Does this really take that much time to teach on the job?

I haven't used source control outside of work, but I had no problem figuring
out CVS, SVN, SeaPine Surround SCM (What a flaming pile of crap), or Perforce.

Likewise, I've never used a bug tracker before work, but figuring out
Jira/Bugzilla/(Whatever garbage HP sells) is much easier then reversing a
linked list... Or explaining the *Nix everything-is-a-file model - both of
which are parts of the typical CS degree.

------
whack
I have to say that this post was inspiring to read. It's everything that
software developers had dreamed of and idealized. Owning your own career.
Building your own brand. Doing your work in the open. Your career progress
being decentralized and determined by the trust you've built in your network
of colleagues, and not by some pointy haired business guy.

Unfortunately, I don't think any of the above is realistically going to happen
at any point in the next 10 years. The majority of paid-for-code is
proprietary, meaning that your 9-5 work-product can never be "googled" by
outsiders. As a consequence of this, recruiters and hiring managers will
continue to treat open-source work as second-class-indicators, behind your
resume, CV and references. It's going to take a major paradigm shift in
engineering/business culture, before any of this changes.
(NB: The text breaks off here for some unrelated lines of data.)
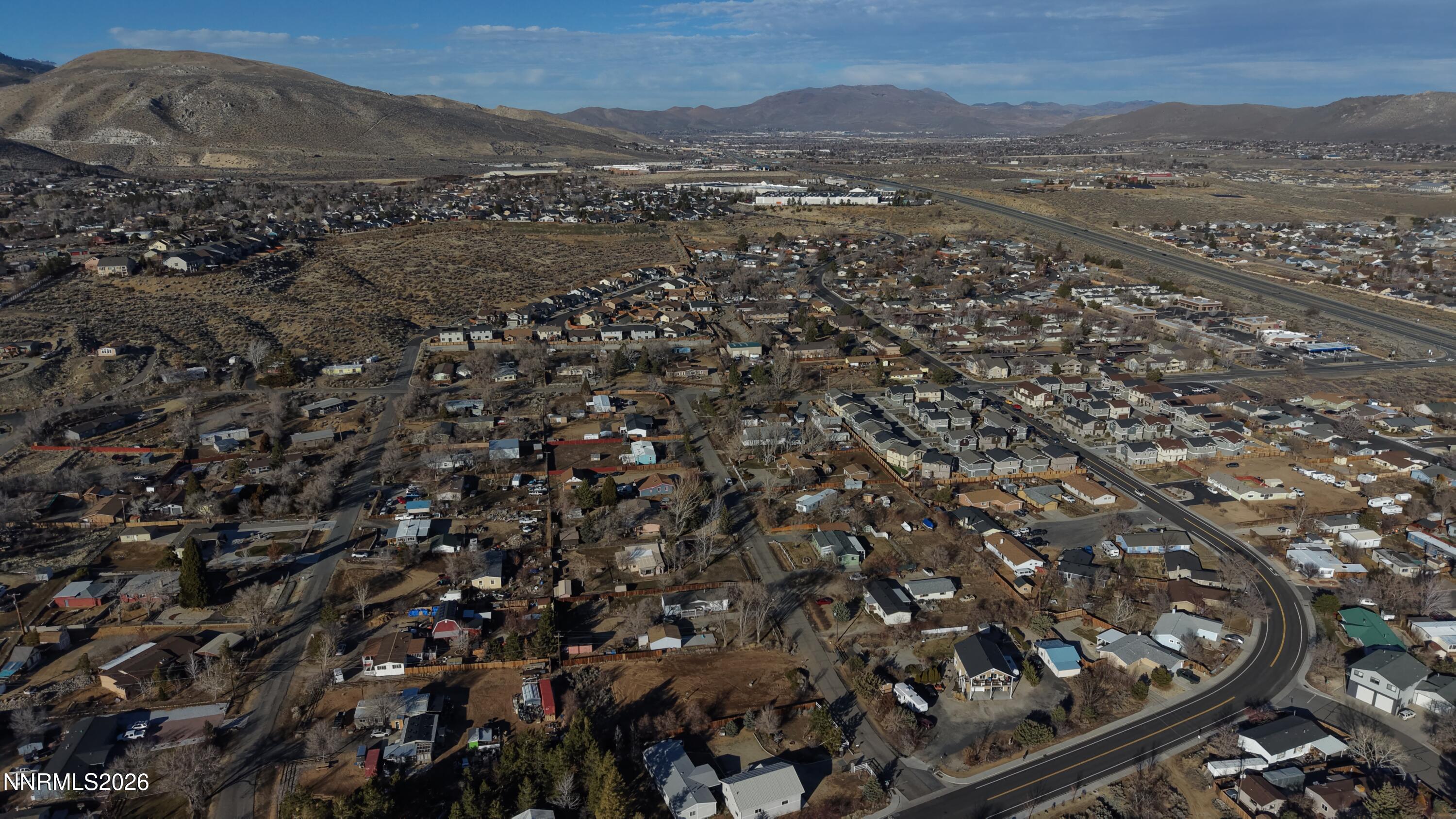 3455 Carnelian Way Carson City, NV 89705 - Photo 6 of 12 an aerial view of house with yard and mountain view in back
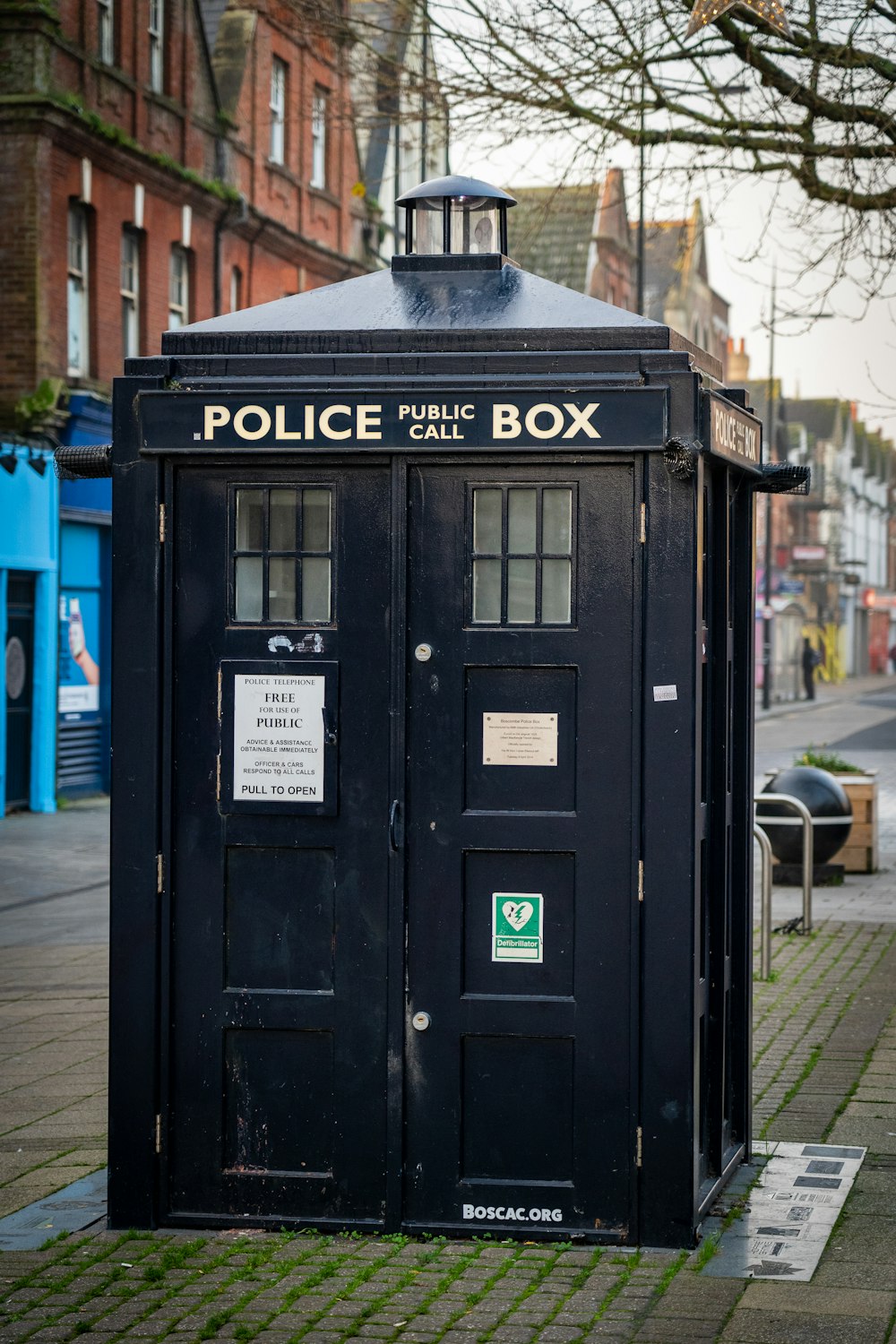 black police box on sidewalk during daytime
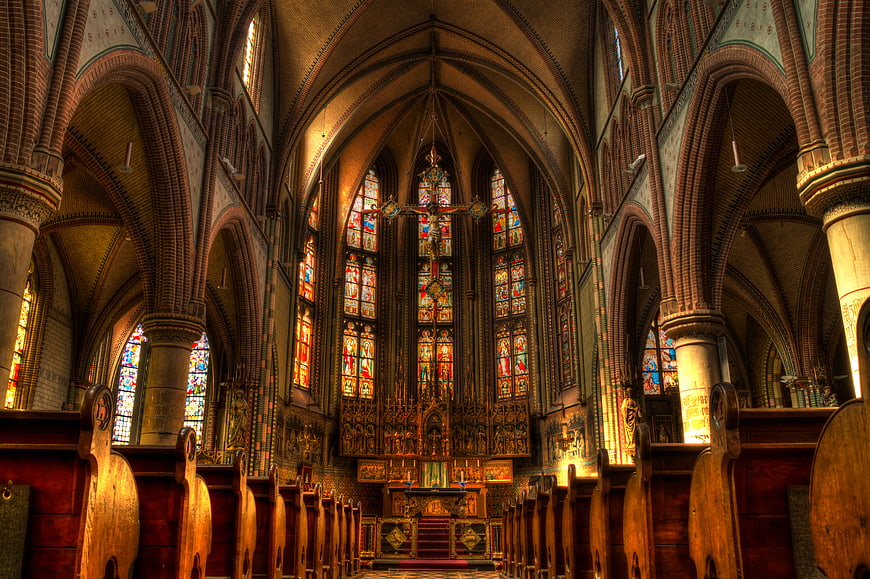 Gothic Church Interior with Stained Glass Windows and Altar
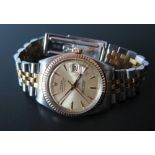 A Vintage Rolex Oyster Datejust in gold and steel case, serial number 702546, with receipt for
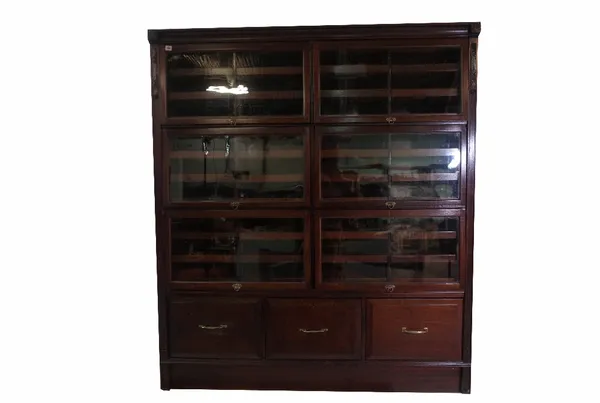 A pair of 20th century mahogany haberdashery cabinets, each with six glazed door enclosing six pull out trays above three lower drawers, 157cm wide x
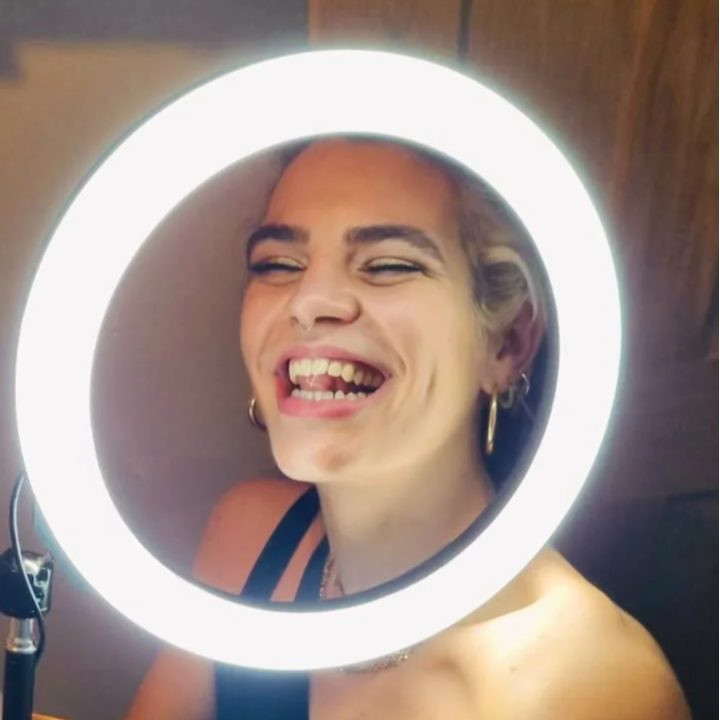 Person  (Lily the tattoo artist) smiling and laughing while looking through a round ring-light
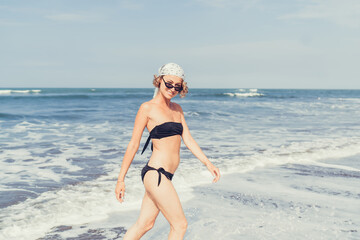 Stylish young woman in black bikini smiling while walking near surf line, portraying authentic joy, confidence and the beauty of spontaneous content moments under natural light.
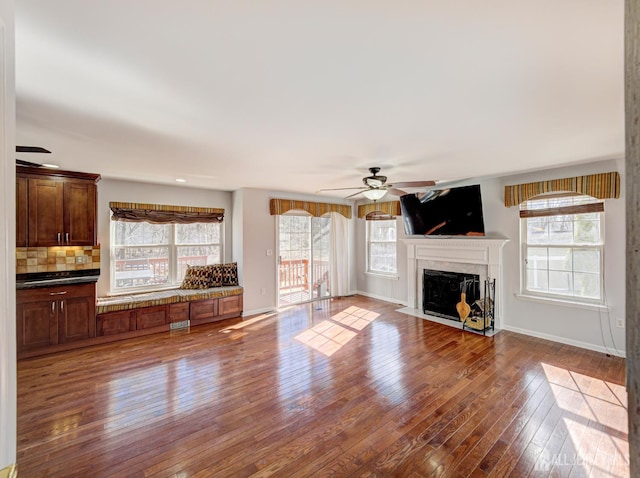 unfurnished living room with ceiling fan, hardwood / wood-style flooring, a fireplace, and baseboards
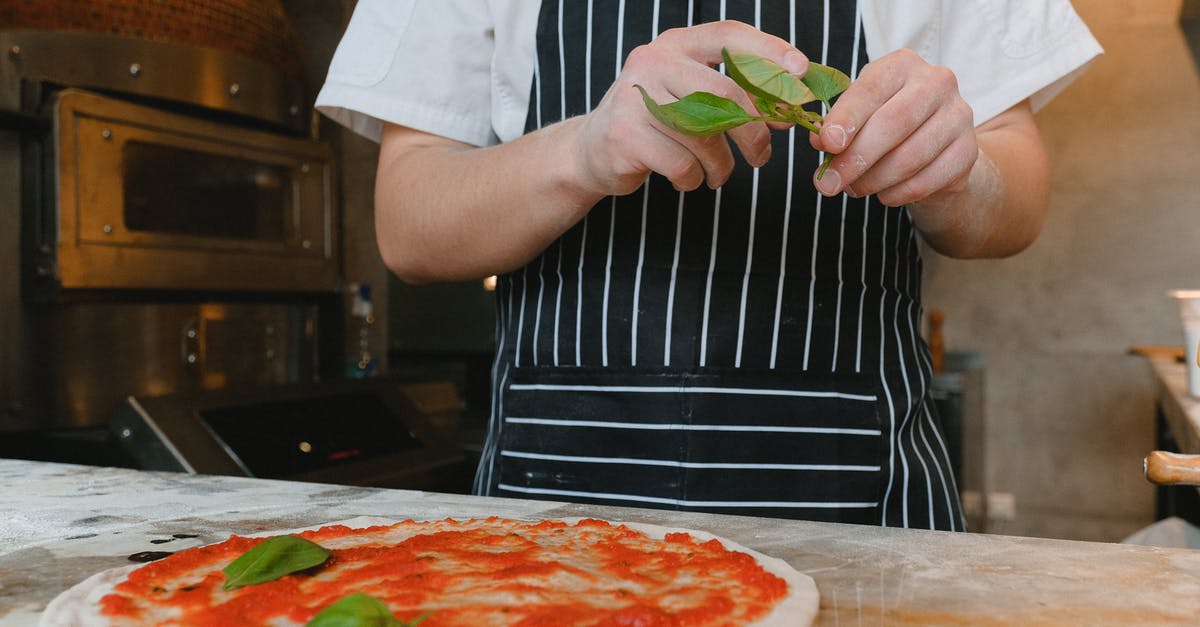 Working with sticky dough for pizza making - Man Making a Pizza and Holding Green Leaves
That said, the author might be wrong about the timeframe, but he does paint a
noble vision for the future. One that I'm sure future generations will be
working in, and one that I hope I can experience one day.

------
restalis
_" You just started collaborating with [insert your open-source choice]
engineers on some piece of technology that they were working on in the open,
then when it was clear that you were making a valuable contribution and were a
great person to work with, you would apply for a job. Or they would hit you
up"_

Clear to whom and to what degree or how exactly? Then even getting over this
stratagem, they might ...or not! Maybe not, most likely. I understand that
this might hurt some feelings or dispel some fantasies, but this is exactly
the way you (as workforce asset) are encouraged to think, and not in your best
interest, really. The reality, more likely than not, is that a business has to
be run and the people responsible for it have to cover the business model's
needs with some X number of engineers. If the business is doing well and the
men with the ropes see real benefits in hiring more, than there you go --
green light for the lucky department for getting a new pal along. The circle
of developers in that area already know the contributors and just open the
gate for one(s) they like. That, of course, has nothing to do with absolute
quality of the contributions. It's not necessarily the best of open-source
contributors that get hired, it's not even the best contributors of some
specific open-source commercial project like Red Hat, it's just the best (read
"convenient") in the area they need at the moment. Realizing that we're
talking about an entity living under business laws of survival, you also have
to assume it has to employ some of the same prosaic principles in order to
survive, just like anyone else. The rest is propaganda. Be assured that your
position as free contributor suits the recipients a great deal already and
they won't change anything about it just because.

That being said, I agree that the exposed work works very well for
engineering, just as for any other portfolio-based enrollment.

------
austincheney
The article is both very true and not yet completely true. Some developers
still believe having a large community or online social media presence is
important. It might very well be, but it has no bearing on code.

Code is objective. It solves problems, passes tests, does something new, and
performs better.... or it doesn't. Social media presence has no bearing on
this at all. Yet, each impart a type of online trust. One is capabilities
(competence) trust and the other is marketing or branding trust.

For people who don't know the difference or don't understand the value in the
code marketing/branding trust is the only thing that exists. For everybody
else trust in branding loses value quickly and must struggle to compete with
the other more objective trust factor. It should be noted this "everybody
else" category is the minority but is more influential on things get built of
prioritized.

------
colehasson
What tools and changes do 'we' want for how 'we on github' is perceived as
part of our identity?

'We' is including a domain of engineers, students, employees, employers,
scholars, bug complainants, star-ers, watchers, forkers, and jobCreators...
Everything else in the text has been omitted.